[EXERCISE INSTRUCTIONS]
Without including any image, repeat every record exactly.

(Web page caption snippets)

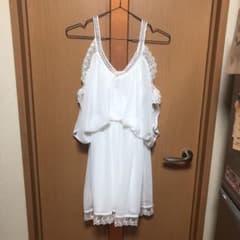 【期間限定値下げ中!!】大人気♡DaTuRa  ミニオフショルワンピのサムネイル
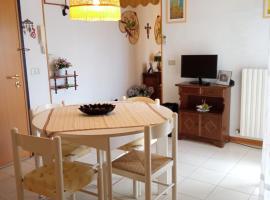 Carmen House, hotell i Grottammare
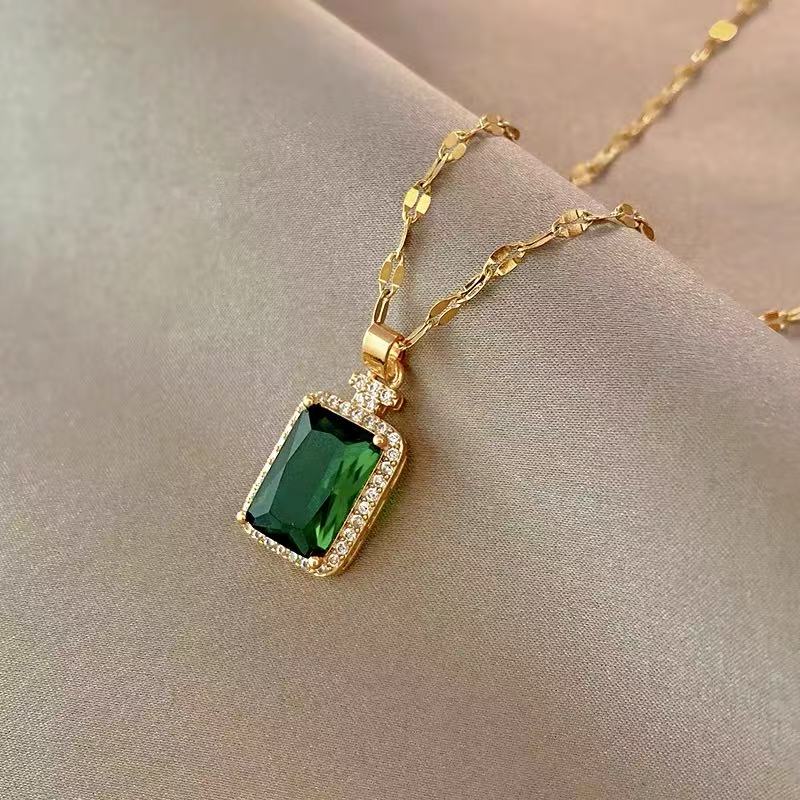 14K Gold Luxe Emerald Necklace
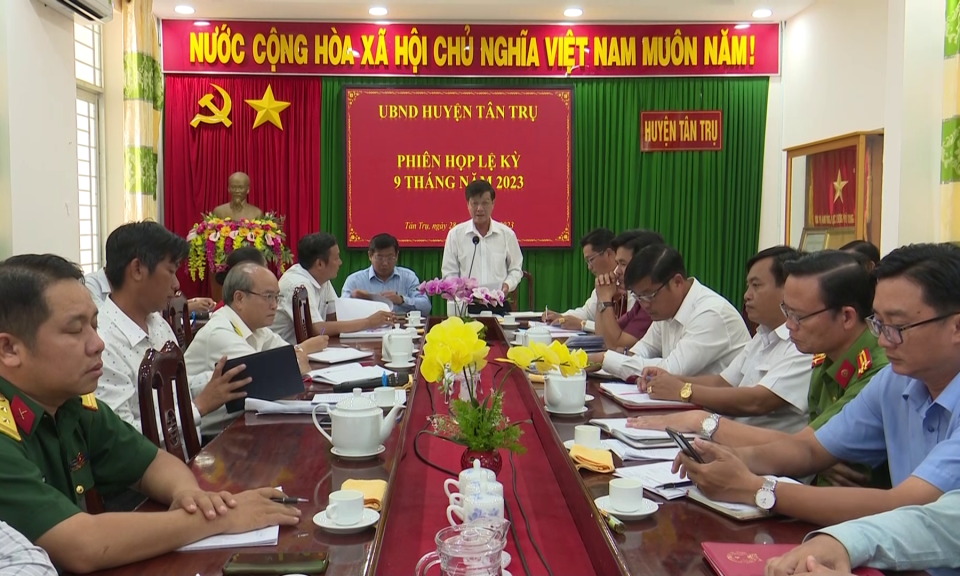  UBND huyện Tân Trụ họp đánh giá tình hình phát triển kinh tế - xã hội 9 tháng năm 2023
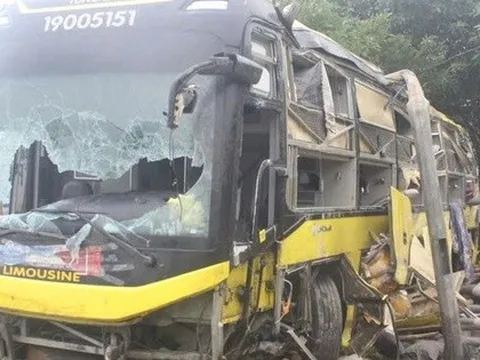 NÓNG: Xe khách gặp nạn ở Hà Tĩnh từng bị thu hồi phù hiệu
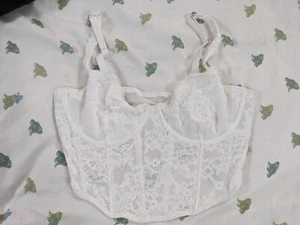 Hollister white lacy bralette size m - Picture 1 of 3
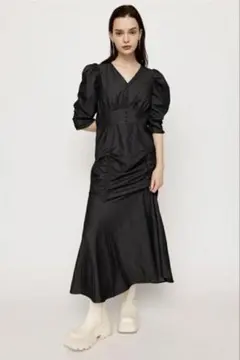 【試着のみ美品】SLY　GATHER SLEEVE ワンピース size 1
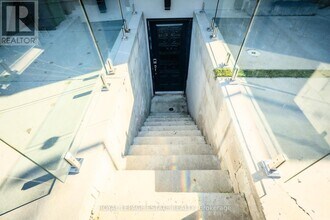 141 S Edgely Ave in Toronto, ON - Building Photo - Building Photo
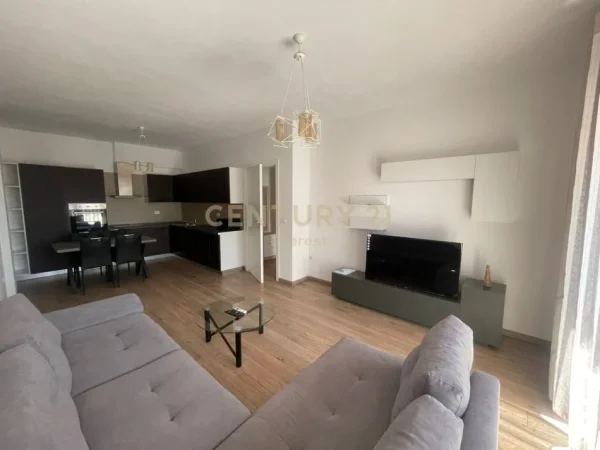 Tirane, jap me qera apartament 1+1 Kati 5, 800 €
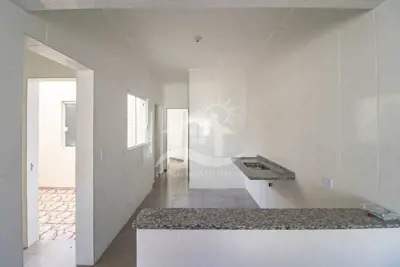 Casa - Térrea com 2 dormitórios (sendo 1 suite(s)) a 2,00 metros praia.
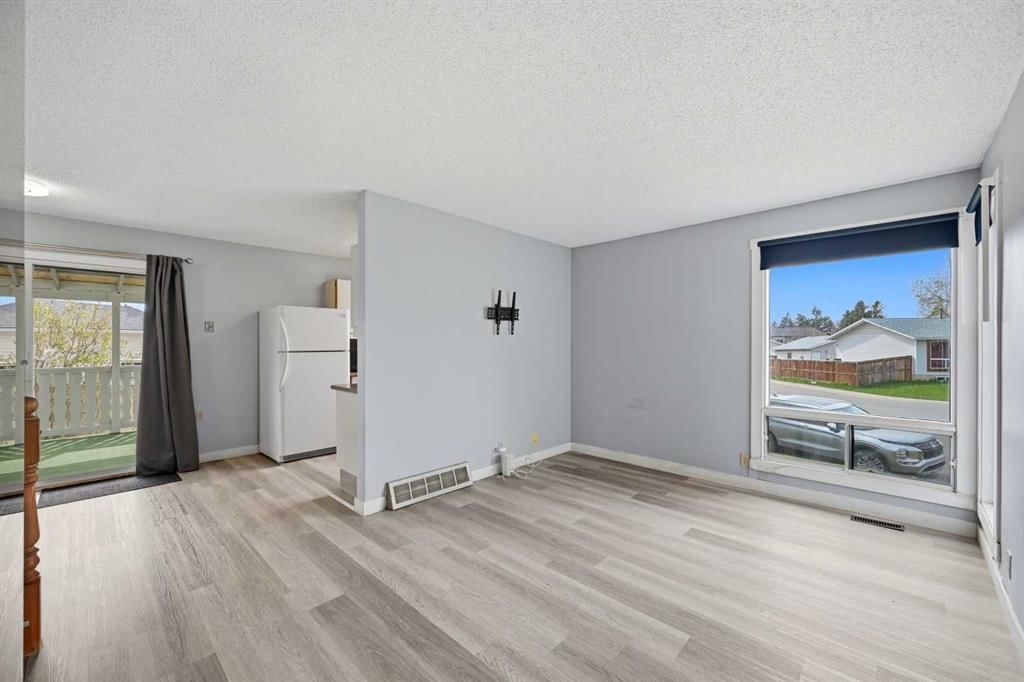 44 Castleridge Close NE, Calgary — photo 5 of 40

[SOLUTION TO THIS PROBLEM]
 【期間限定値下げ中!!】大人気♡DaTuRa  ミニオフショルワンピのサムネイル
 Carmen House, hotell i Grottammare
 14K Gold Luxe Emerald Necklace
  UBND huyện Tân Trụ họp đánh giá tình hình phát triển kinh tế - xã hội 9 tháng năm 2023
 NÓNG: Xe khách gặp nạn ở Hà Tĩnh từng bị thu hồi phù hiệu
 Hollister white lacy bralette size m - Picture 1 of 3
 【試着のみ美品】SLY　GATHER SLEEVE ワンピース size 1
 141 S Edgely Ave in Toronto, ON - Building Photo - Building Photo
 Tirane, jap me qera apartament 1+1 Kati 5, 800 €
 Casa - Térrea com 2 dormitórios (sendo 1 suite(s)) a 2,00 metros praia.
 44 Castleridge Close NE, Calgary — photo 5 of 40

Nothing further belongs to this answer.